1. Apr 20th, 2006

    MTS 2006: The exciting parts

    [I had the honor of attending the Microsoft Technology Summit 2006. This post summarizes the exciting parts of the three-day event.]

    Jim Gray

    What would you do to have dinner with Bill Gates? I’d trade it for a five minute chat with Jim Gray. The man who can see the future more clearly than we can see the past. He knows why CPUs are not getting faster, and why it doesn’t matter. Why harddisks are getting bigger, but not better, and how it all comes down to a tiny piece of silicon. He’s science without the ivory tower, socioeconomics without the politics, accomplishments without the ego to tar it.

    What a way to impress the geek in me.

    Don Box

    Can anyone give a better presentation than this man? He starts off by asking for questions from the audience and adds them to a list … in Scheme. When someone asks why Microsoft decided to drop Indigo and use corporate-speak WCF, Don writes in his list “WTF – WTF?”. Later we get to hear the real answer: “We put these names in because they suck. … We didn’t want people saying ‘I’m an Indigo’ programmer”

    Smart, funny and honest. For an hour that feels like five minutes, everything about Microsoft makes sense. I almost want to ask “are you hiring?”

    Ray Ozzie’s team.

    Talk about a cool job. They get to work for Microsoft and earn the respect of hackers and open source mavens.
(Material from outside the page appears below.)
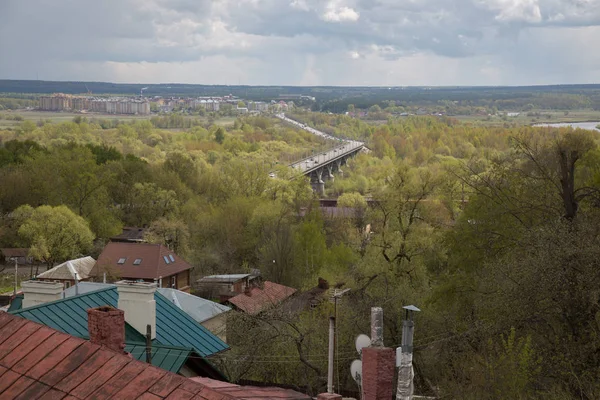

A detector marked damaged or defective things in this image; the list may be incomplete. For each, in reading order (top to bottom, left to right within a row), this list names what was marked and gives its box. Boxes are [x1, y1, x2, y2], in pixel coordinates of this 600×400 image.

rusty roof [95, 242, 191, 280]
rusty roof [227, 282, 298, 316]
rusty roof [0, 312, 310, 400]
And all for building cool technologies that even mother could use. For those who don’t exactly know, they’re the brains behind the Live clipboard. Watch that group: that’s where innovation is coming from. They’re building the Microsoft Office of the future.
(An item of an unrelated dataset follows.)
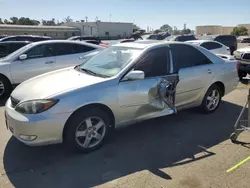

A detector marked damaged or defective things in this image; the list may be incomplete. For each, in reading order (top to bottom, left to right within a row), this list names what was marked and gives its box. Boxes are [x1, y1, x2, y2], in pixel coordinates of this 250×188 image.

damaged car door [118, 45, 179, 122] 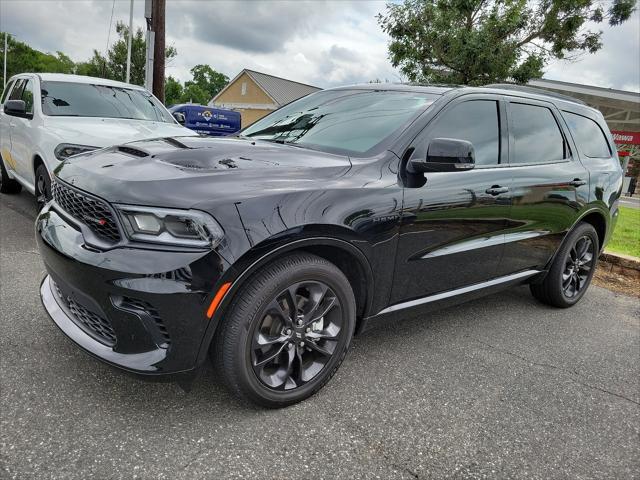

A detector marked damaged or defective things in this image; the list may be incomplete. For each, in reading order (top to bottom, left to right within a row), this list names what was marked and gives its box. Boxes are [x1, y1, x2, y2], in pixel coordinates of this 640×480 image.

pavement crack [468, 336, 636, 406]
    Special thanks to Tantek for arranging this.

    Dinner time.

    No secret that Microsoft knows how to entertain, though I’m still upset I missed the crab cakes. Some friends I have. But the evenings were more than just good food. That’s when you get to talk to Microsoft people at eye level and realize that yes, Microsoft does have a human face and a voice.
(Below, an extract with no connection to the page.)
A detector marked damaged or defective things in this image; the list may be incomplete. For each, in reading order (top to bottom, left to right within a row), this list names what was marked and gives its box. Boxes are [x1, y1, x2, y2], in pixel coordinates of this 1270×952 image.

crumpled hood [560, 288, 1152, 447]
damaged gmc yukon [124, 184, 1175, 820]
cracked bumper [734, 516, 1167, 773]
    Microsoft: you need more of that. You don’t need better Java or better Linux, you need to step down and get involved in the community. You need to talk and you need to listen, you need to make money, but you also need to be honest. And for three short days, you managed to do that extremely well. Kodus.

    C#/.Net.

    Microsoft does have a better Java. You have to expect that at version 3, with no legacy other than Sun’s mistakes, they’d get it right. Not a whole lot better, but if you’re a Microsoft shop, you can’t go wrong betting on C#/.Net. All the enterprise technologies at your finger tips. But if you need more than one platform, more than one vendor, and if open source does not offend your religion, you’re better off with Java. It’s all the open source technologies that tip the scale.

    WWF

    Not to be confused with professional wrestling, Microsoft’s WWF is workflow for the rest of us. Or at least the rest of us that are the few of us that get what it’s about. And by version 3.0, they’ll get it right. It’s still very rough around the edges, but it’s one of the best I’ve ever seen. It’s workflow scripting, not workflow enterprise integration, OSX Automator or at least runner up. And it bakes transactions and compensations into the platform.

    The killer app? Not WWF itself, but the underlying stuff. You can easily write apps that have better redo/undo, smarter page flows. It may not sound like much, but it’s one of those incremental improvements that would help a lot.

    And last but not least, thanks to our hosts, especially Nima, Anand and Tanya for all your hard work.

    1. Apr 21st, 2006

      Matt Augustine

      I’m glad you had a good time, and thanks for the Live Clipboard props!